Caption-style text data
• • •
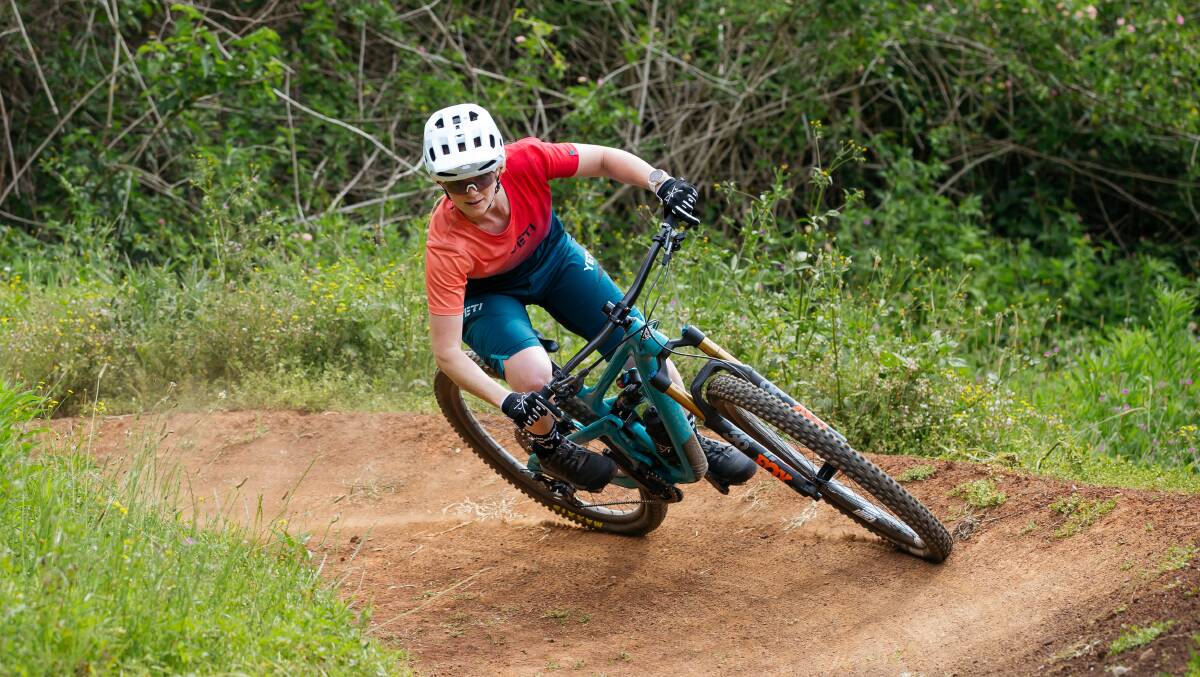 TEST RUN: Well known enduro racer and BMX rider Leanna Curtis tries out Cringila Hills Recreation Park's mountain bike trails. Picture: Wesley Lonergan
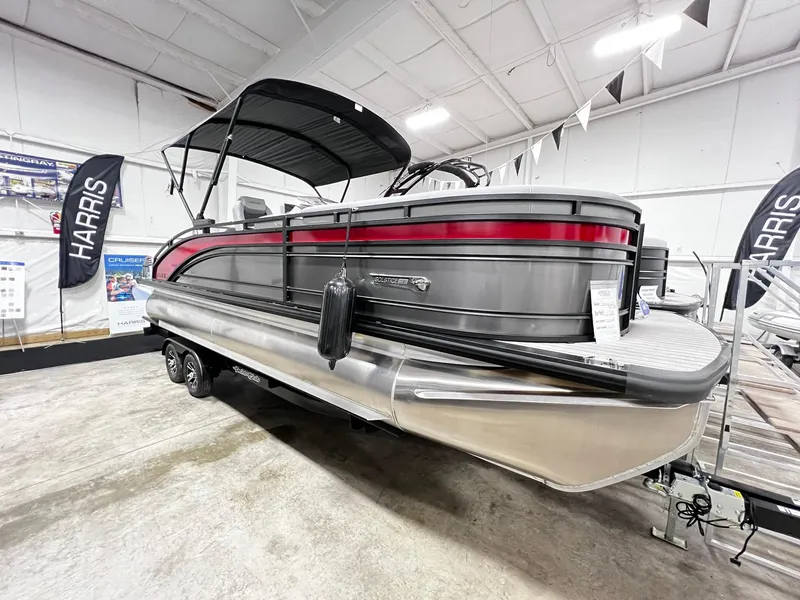 Slide: The Image of 2024 Harris Solstice 230 pontoon boat on display in a showroom. - 11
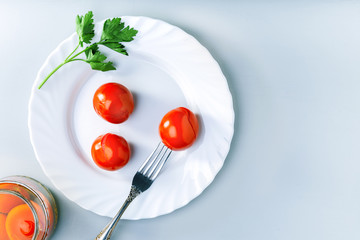 Juicy spicy marinated tomatoes with parsley on a white plate. Top view with copy space.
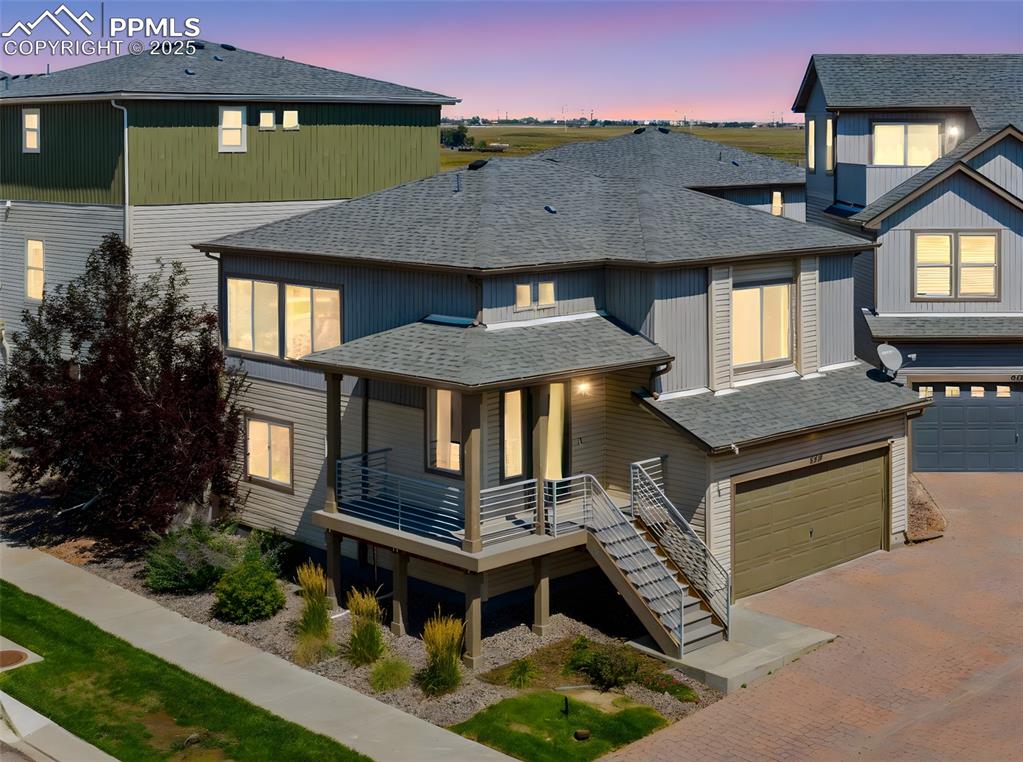 Image 3 of 39: View of front of home with an attached garage, roof with shingles, decorati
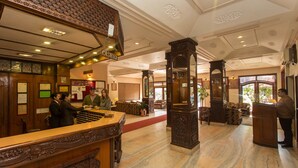 A lobby with a reception desk, wooden decor, and a marble floor. - Hotel Marshyangdi (Kathmandu)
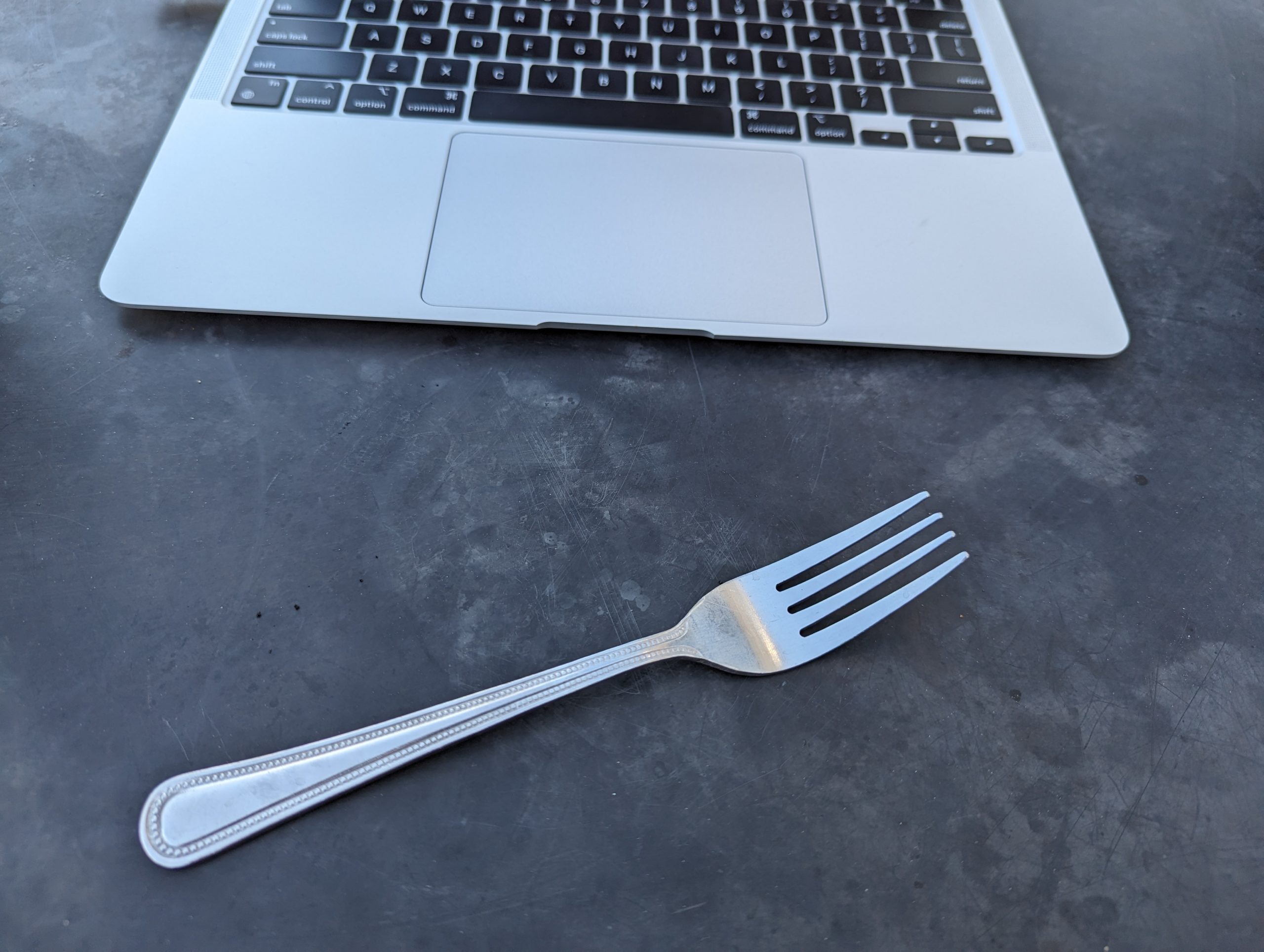 Metal fork in front of an underutilized Mac laptop
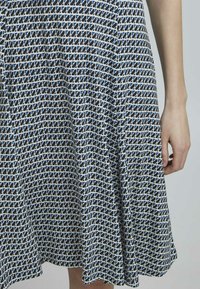 Tryckt klänning med geometriskt mönster i marinblått och vitt, med en utsvängd silhuett och mjuk textur. Synlig hand nära fållen.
• • •
*Instructions for the task:*
Please write out, exactly, every line from the line with "A lobby with" through the final line of the data above, leaving out pictures.

*Answer to this task:*
 A lobby with a reception desk, wooden decor, and a marble floor. - Hotel Marshyangdi (Kathmandu)
 Metal fork in front of an underutilized Mac laptop
 Tryckt klänning med geometriskt mönster i marinblått och vitt, med en utsvängd silhuett och mjuk textur. Synlig hand nära fållen.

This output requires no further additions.